- Theatrical release poster
- Directed by: V. K. Prakash
- Written by: Ashish Rajani Unnikrishnan
- Produced by: Sameer Sait Vinoth Unnidan
- Starring: Meera Jasmine; Aswin Jose;
- Cinematography: Rahul Deep
- Edited by: Praveen Prabhakar
- Music by: Songs: Sachin Balu Joel Johns Justin-Uday Score: Gopi Sundar
- Production company: 2 Creative Minds
- Release date: 23 August 2024;
- Running time: 145 minutes
- Country: India
- Language: Malayalam

= Paalum Pazhavum =

Paalum Pazhavum is a 2024 Indian Malayalam-language drama film directed by V. K. Prakash and written by Ashish Rajani Unnikrishnan. Produced under 2 Creative Minds, it stars Meera Jasmine and Aswin Jose.
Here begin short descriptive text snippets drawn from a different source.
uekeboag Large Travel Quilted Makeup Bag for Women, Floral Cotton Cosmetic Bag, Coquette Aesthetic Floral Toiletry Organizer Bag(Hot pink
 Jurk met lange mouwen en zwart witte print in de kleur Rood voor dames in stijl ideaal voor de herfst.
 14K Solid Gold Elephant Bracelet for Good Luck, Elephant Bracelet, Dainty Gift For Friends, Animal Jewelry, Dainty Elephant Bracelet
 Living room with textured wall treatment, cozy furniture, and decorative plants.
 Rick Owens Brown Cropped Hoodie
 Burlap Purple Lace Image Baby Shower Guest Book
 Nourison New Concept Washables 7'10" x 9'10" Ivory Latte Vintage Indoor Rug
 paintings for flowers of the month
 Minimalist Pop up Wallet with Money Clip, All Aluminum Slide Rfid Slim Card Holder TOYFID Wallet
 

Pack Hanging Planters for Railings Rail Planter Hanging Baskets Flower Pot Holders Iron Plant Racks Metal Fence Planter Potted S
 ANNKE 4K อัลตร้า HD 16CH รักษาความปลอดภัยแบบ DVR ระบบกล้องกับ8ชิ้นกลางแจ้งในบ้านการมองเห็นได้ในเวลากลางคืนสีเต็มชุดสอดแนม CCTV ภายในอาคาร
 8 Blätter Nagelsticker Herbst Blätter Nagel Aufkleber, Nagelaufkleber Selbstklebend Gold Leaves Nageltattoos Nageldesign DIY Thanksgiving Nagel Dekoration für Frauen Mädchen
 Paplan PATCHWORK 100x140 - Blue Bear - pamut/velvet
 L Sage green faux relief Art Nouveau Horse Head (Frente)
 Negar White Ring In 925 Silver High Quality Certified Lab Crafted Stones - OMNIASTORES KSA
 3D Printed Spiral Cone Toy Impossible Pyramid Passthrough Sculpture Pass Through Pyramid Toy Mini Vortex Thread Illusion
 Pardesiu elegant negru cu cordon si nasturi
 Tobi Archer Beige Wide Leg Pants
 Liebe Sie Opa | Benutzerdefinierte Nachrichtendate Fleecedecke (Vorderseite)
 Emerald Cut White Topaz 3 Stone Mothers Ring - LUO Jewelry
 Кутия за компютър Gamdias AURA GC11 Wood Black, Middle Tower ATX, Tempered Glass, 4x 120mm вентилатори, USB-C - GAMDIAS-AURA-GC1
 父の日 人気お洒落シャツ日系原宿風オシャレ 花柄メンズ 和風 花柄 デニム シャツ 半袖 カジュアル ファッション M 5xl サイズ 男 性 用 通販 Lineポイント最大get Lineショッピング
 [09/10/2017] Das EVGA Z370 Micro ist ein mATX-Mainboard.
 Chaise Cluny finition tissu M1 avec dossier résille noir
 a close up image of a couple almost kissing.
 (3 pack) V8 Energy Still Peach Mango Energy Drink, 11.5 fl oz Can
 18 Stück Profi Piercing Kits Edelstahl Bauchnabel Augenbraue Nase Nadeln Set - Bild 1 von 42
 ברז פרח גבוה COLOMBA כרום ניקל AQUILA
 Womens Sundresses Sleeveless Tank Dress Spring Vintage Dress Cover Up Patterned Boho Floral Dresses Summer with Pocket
The film was theatrically released on 23 August 2024. Paalum Pazhavum started streaming on Saina Play on 20 December 2024.

== Production ==
The film was announced in February 2024. The filming took place in Kochi.

== Music ==

The music for the film's soundtrack album was composed by Sachin Balu, Joel Johns and Justin-Uday. The background score is composed by Gopi Sundar.

Track listing
| No. | Title | Lyrics | Music | Singer(s) | Length |
|---|---|---|---|---|---|
| 1. | "Kandu Njan" | Suhail Koya | Sachin Balu | Mubas | 3:18 |
| 2. | "Ene Kone" | Titto P Thankachen | Joel Johns | Zia Ul Haq | 3:33 |
| 3. | "Palum Pazhavum" | Nidheesh Naderi | Justin-Uday | Abin Thomas | 2:06 |
| 4. | "Njan Ozhuki" | Vivek Muzhakkunnu | Sachin Balu | Kapil Kapilan, Bhadra Rajin | 3:44 |
| 5. | "Kadu Chutti" | Nidheesh Naderi | Justin-Uday | Ashokan | 3:10 |
| 6. | "Doorangal" | Suhail Koya | Sachin Balu | Sachin Balu, Bhadra Rajin | 4:30 |
| 7. | "Kadavule" | Suhail Koya | Gopi Sundar | Pranavam Sasi | 4:00 |
| Total length: |  |  |  |  | 24:21 |

== Reception ==
Vignesh Madhu of The New Indian Express gave the film 3/5 stars. A critic from The Times of India gave the film three stars out of five. Rohit Panikker of Times Now rated the film 3 1/2 stars out of 5 stars.